■ **EXERCISE DETAILS**
Transcribe the data below verbatim from the line with "年轻女性使用虚拟现实眼镜" to the line with "78 W Green St — Photo 10". Include both of those lines.

--- RECORDS SHOWN Enclosed Below ---

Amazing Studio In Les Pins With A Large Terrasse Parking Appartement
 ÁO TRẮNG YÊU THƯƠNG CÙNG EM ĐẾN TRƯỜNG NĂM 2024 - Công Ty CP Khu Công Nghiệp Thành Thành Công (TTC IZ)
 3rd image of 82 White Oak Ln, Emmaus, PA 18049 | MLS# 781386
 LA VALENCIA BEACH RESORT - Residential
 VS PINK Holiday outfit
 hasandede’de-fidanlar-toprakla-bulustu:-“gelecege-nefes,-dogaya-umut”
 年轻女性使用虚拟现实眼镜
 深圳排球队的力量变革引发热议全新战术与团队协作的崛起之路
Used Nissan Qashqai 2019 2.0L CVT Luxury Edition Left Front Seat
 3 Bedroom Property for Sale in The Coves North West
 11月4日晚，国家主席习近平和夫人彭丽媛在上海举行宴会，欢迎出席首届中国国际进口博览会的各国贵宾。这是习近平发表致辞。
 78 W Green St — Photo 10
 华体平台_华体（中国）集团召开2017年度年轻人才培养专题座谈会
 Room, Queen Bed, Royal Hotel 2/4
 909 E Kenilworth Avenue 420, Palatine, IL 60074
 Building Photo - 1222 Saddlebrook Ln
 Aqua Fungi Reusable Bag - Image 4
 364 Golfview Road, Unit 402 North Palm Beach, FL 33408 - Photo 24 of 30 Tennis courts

--- End of Enclosed RECORDS SHOWN ---

■ **THE COMPLETED TASK**
 年轻女性使用虚拟现实眼镜
 深圳排球队的力量变革引发热议全新战术与团队协作的崛起之路
Used Nissan Qashqai 2019 2.0L CVT Luxury Edition Left Front Seat
 3 Bedroom Property for Sale in The Coves North West
 11月4日晚，国家主席习近平和夫人彭丽媛在上海举行宴会，欢迎出席首届中国国际进口博览会的各国贵宾。这是习近平发表致辞。
 78 W Green St — Photo 10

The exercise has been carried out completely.